Conditions for Lusin's Theorem

Question

Zymund states in his book Lusin's Theorem the following

Let $E$ be some Lebesgue measurable subset of $\mathbb{R}^d$ and let $f:E\rightarrow \mathbb{R}$ be some function. $f$ is measurable if and only if for all $\epsilon$, there exists some closed $F\subset \mathbb{R}^d$ such that $F \subset E, |E\setminus F|<\epsilon$ and $f|_{F}:F\rightarrow \mathbb{R}$ is continuous.

I wish to ask: Does the Theorem hold true for extended valued function $f: E\rightarrow \mathbb{R}\cup \{+\infty,-\infty\}$?

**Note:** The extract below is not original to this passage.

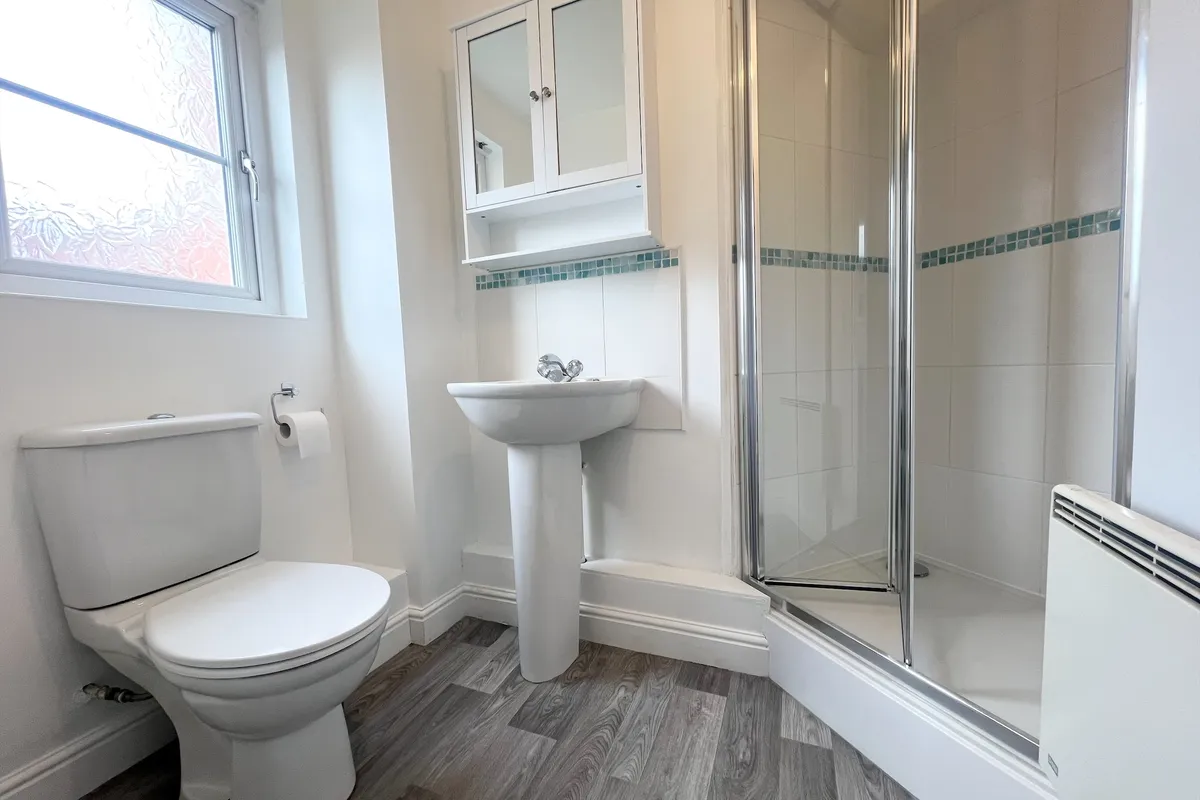 Flat Middle Leaze in Chippenham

I searched online for this question, but there seems to be no discussion on this site yet. All I get are this post, this post, and this post, which are all discussions about the Hypothesis of Lusin's Theorem, but have not much to do with my question. Thanks in advance for help in all forms.

Answer 1

If you equip the extended reals with the topology generated by the complements of compact sets and sets of the form $\{x < a\}$ and $\{x > a\}$, for all constants $a$ (i think this is sometimes called the two point compactification of the line) then its homeomorphic to a closed interval, using a map like $\operatorname{arctan}$. So we could just apply Lusin's to $\operatorname{arctan} \circ f$, obtain our $F$ and be done I believe.

Answer 2

No, if $f$ only takes $\pm\infty$ values, no such $F$ exists. There is no notion of continuity for $\pm\infty$.